I’ve also had a go, with my colleague Barrie Craven. We found that university rankings compiled using ResearchGate, Google Scholar and Webometrics (which creates scores based on “link analysis”, looking at each university’s presence and impact on the web) were, again, extremely closely correlated with REF rankings compiled by both Times Higher Education (based on quality) and Research Fortnight (based on quality and volume).
Importantly, two of the approaches described, prediction markets and Webometrics, have nothing to do with citation indices. These sometimes get a bad press from those, especially in the humanities, who are reluctant to let go of the REF; in the sciences, by contrast, the case is more accepted that citation by colleagues who presumably are experts in the relevant field is a better mark of quality than the approval of stressed, non-expert REF panellists. Either way, it is hard to endorse the conclusion of the 2015 government-sponsored independent review that subjective judgement based on ambiguous criteria remains “the least worst form of academic governance we have” in the 21st century.

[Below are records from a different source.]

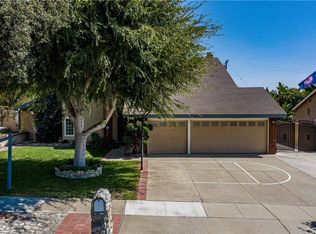 1758 N Kelly Ave, Upland, CA 91784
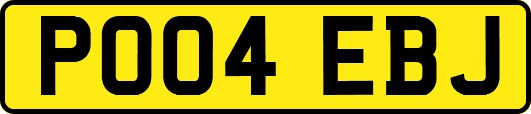 PO04EBJ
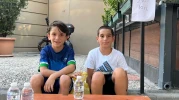 Oyuncak Hayaliyle Su Satan Minik Girişimciler Takdir Topluyor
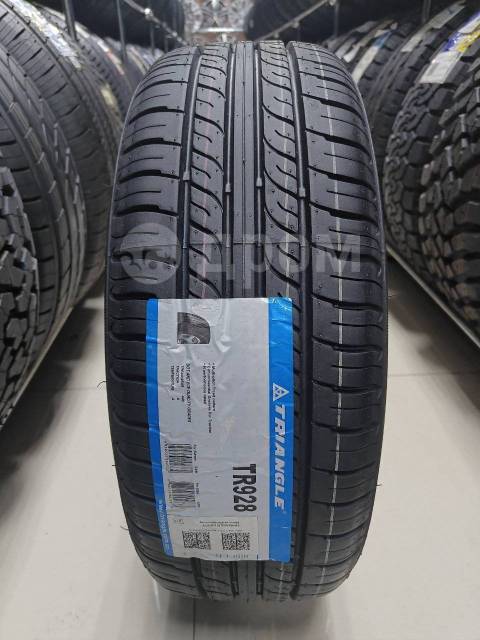 Triangle TR928, 225/65 R17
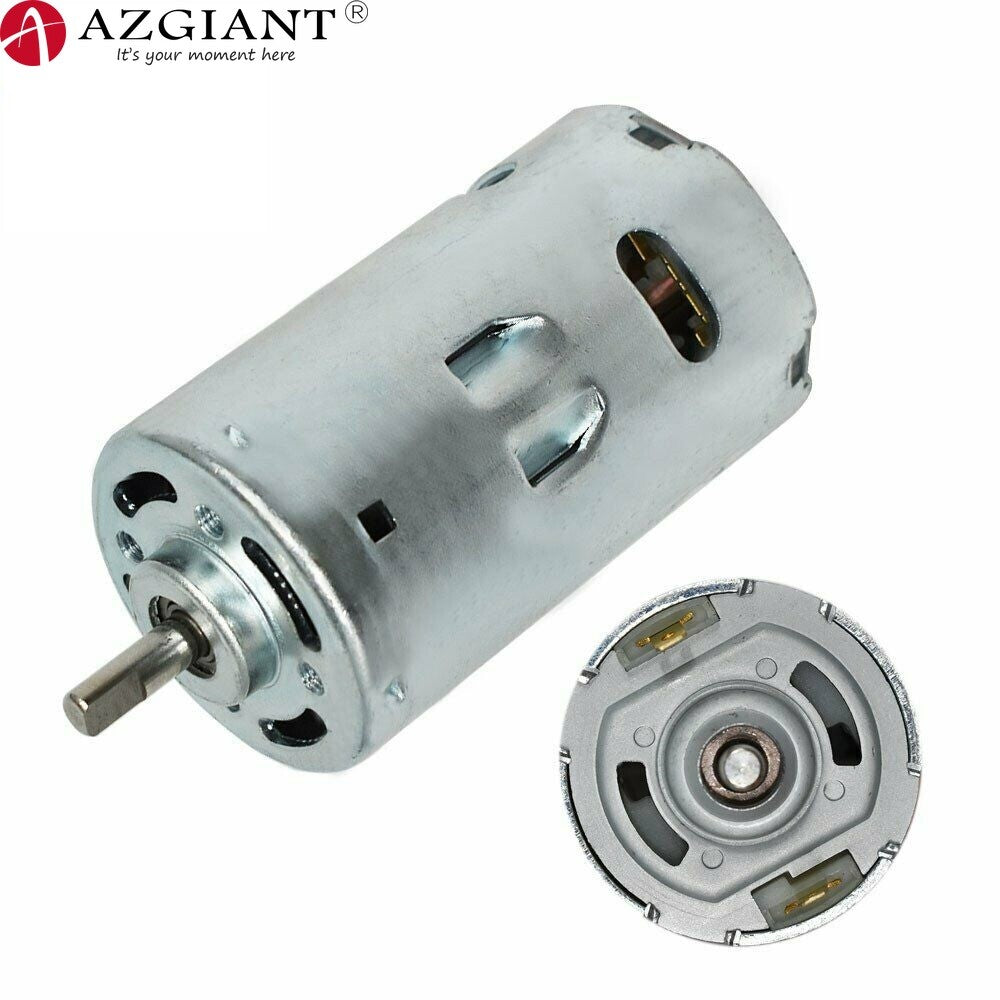 The hydraulic pump motor for the roof-mounted trunk is suitable for Infiniti G37 2008 ~ 2013 convertible liftgate.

Let’s spell this out. The REF delivers data extremely slowly and infrequently, at great expense (the official estimate is £246 million) and with huge disruption to university life, resulting in rankings very similar but, arguably, inferior to those obtained simply and cheaply using a range of methods that don’t disrupt anyone.
Clearly the government is not going to replace the REF any time soon. An elephantine beast like this develops a life and purpose of its own, and loyalty to match. But there is a clear market opportunity for a sympathetic thinktank to create parallel league tables using the alternative, freely available resources. Because there are many of these, it would be easy to experiment to find an optimum combination of data that can’t be gamed and that offers no perverse incentives. A handful of supervised interns could easily handle it.
Regularly updated tables will be much more attractive to consumers of higher education – students and funders – than the quickly stale and out-of-date REF rankings. Hence, as Friedrich Engels might have put it, the demand for the REF will wither away. The interference of state power in research excellence will become superfluous. Universities will cease to see the need to participate. And, with that, the minister’s pen will easily do the needful and consign the REF to history.
All that universities would then need to do would be to make sure that their academics published high-quality research articles. Then they could stand back and let the private sector do the heavy lifting.
James Tooley is professor of education policy at Newcastle University.